— What the task requires —
For this exercise, return all the data word for word, with images left out.
⟨
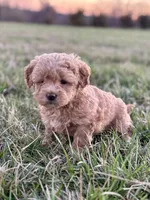 Lulu, a female Miniature Goldendoodle for sale in Seymour, MO – Photo 1 of 3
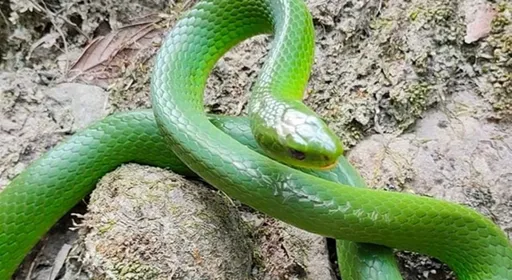 巧遇「超美青蛇」忍不住偷摸牠！ 他PO出照片網友驚喊：千年等一回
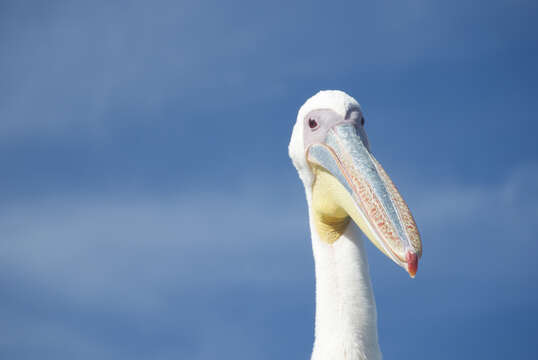 Image of Great White Pelican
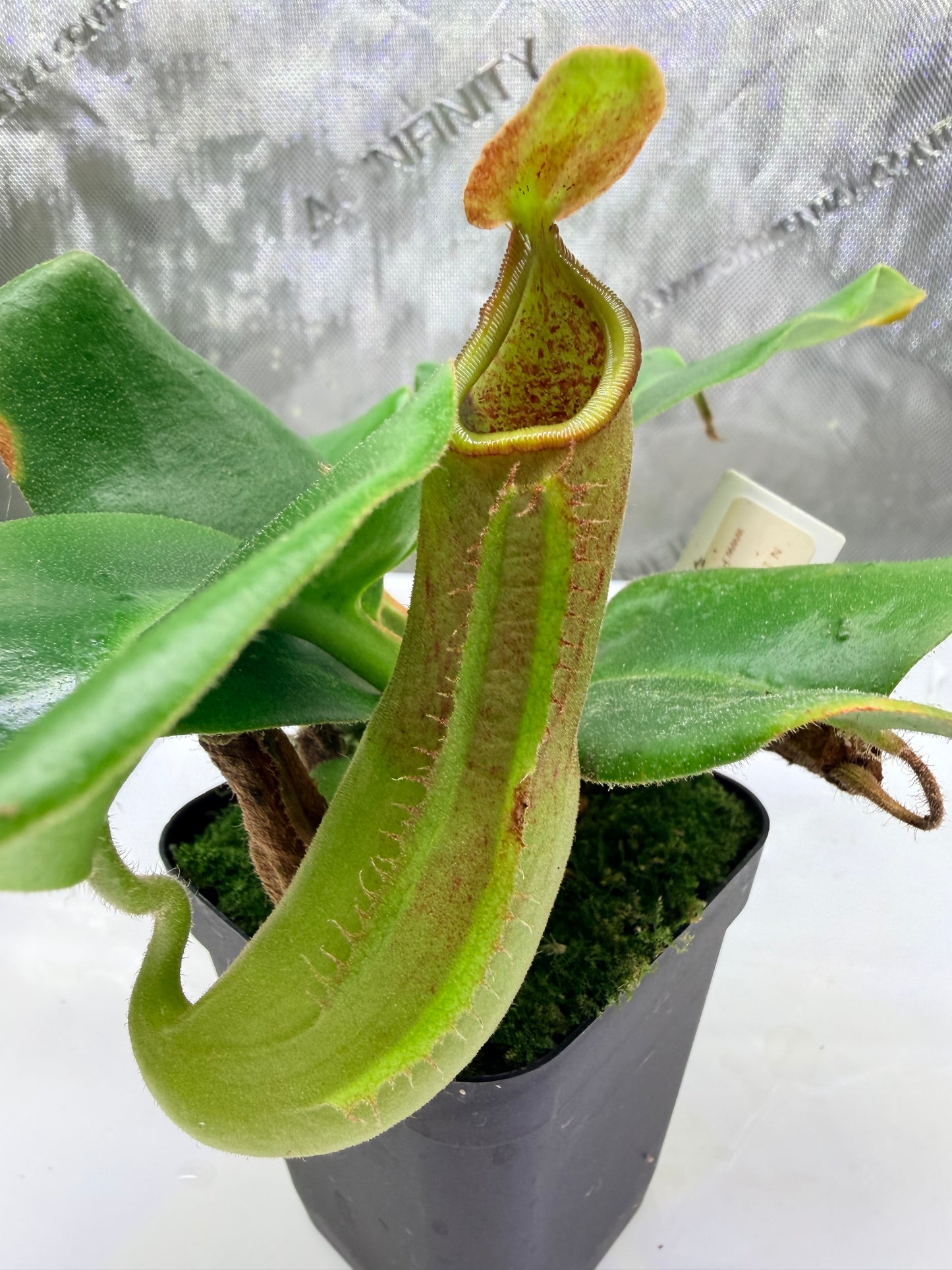 Nepenthes truncata [(d) × Pasian Red] × JB - Pitcher Perfect Plants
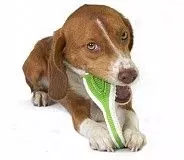 Игрушка для собак Petstages Finity Dental Chew зубная щетка, маленькая 11 см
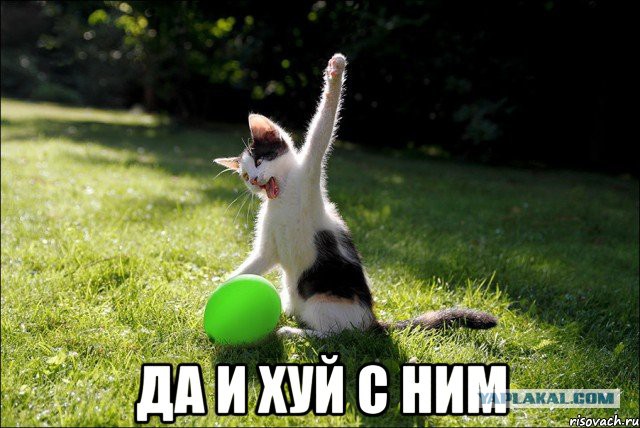 Смертельный номер Гей-активиста - 2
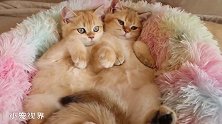 四脚朝天的小奶猫卖萌，让人忍不住想上手，太可爱了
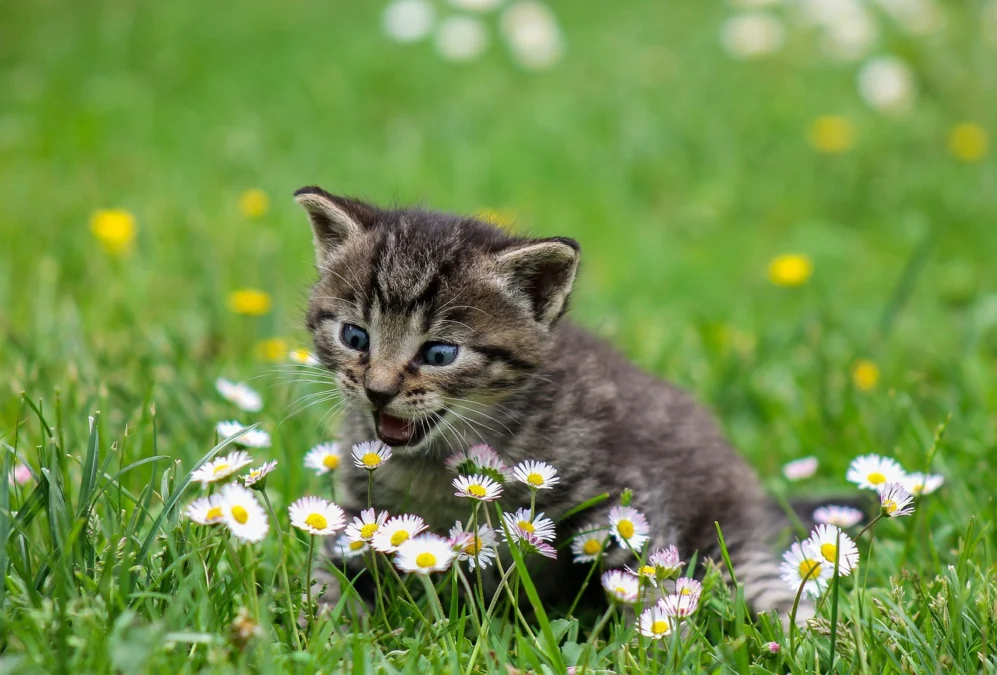 australia bakal basmi kucing liar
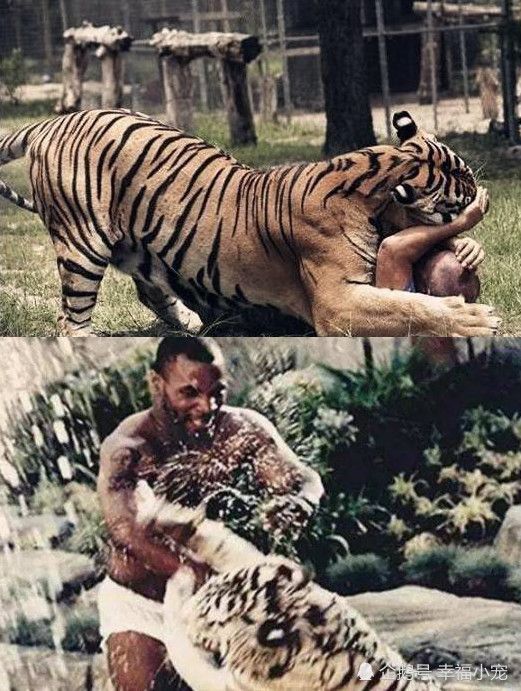 几点出生的虎最凶猛，属虎的女人几月会克夫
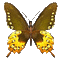 Papillon ** - GIF animado gratis GIF animado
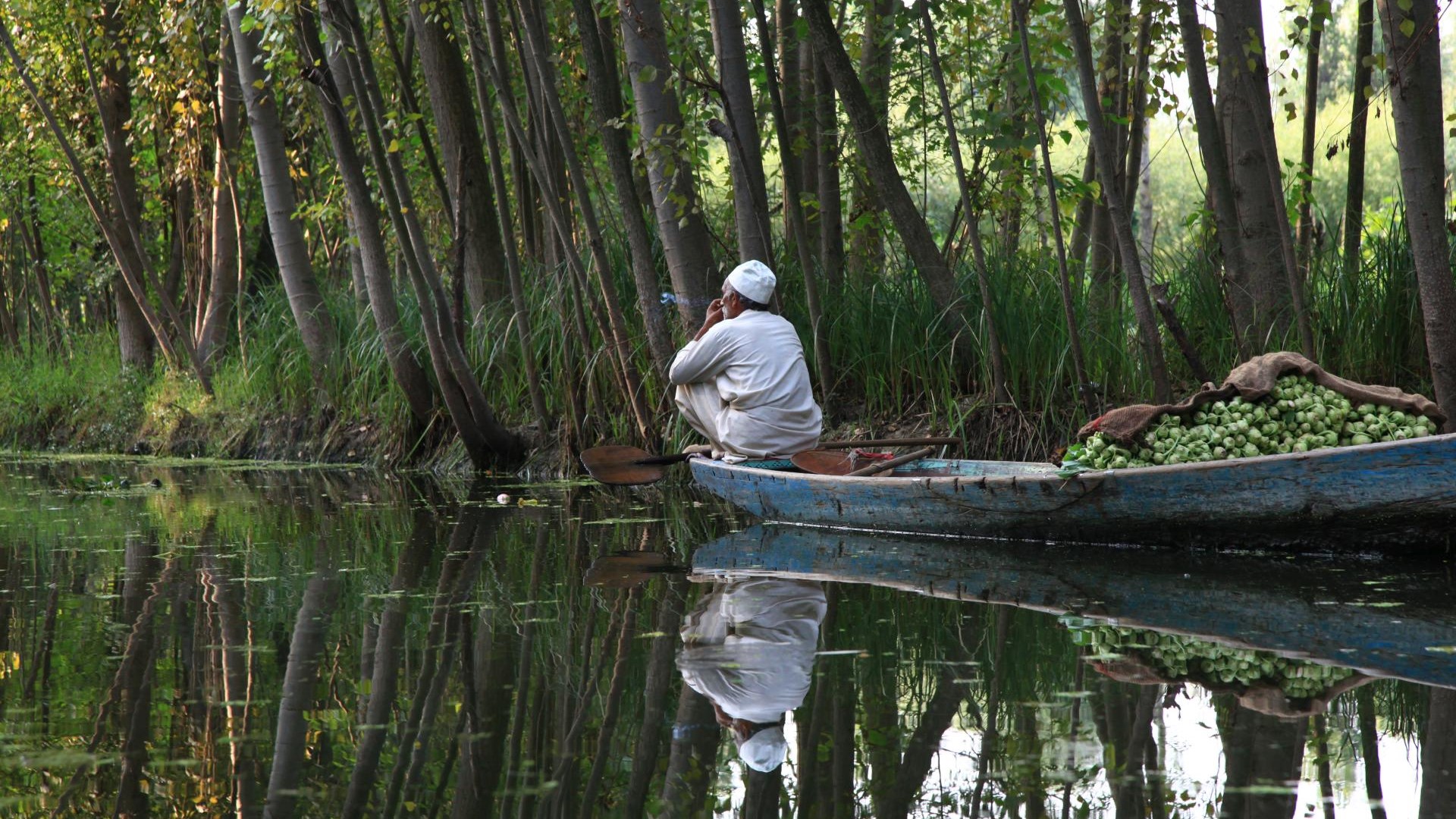Der Dal-See bei Srinagar, Jammu und Kashmir, Indien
⟩
— Response to the task —
 Lulu, a female Miniature Goldendoodle for sale in Seymour, MO – Photo 1 of 3
 巧遇「超美青蛇」忍不住偷摸牠！ 他PO出照片網友驚喊：千年等一回
 Image of Great White Pelican
 Nepenthes truncata [(d) × Pasian Red] × JB - Pitcher Perfect Plants
 Игрушка для собак Petstages Finity Dental Chew зубная щетка, маленькая 11 см
 Смертельный номер Гей-активиста - 2
 四脚朝天的小奶猫卖萌，让人忍不住想上手，太可爱了
 australia bakal basmi kucing liar
 几点出生的虎最凶猛，属虎的女人几月会克夫
 Papillon ** - GIF animado gratis GIF animado
Der Dal-See bei Srinagar, Jammu und Kashmir, Indien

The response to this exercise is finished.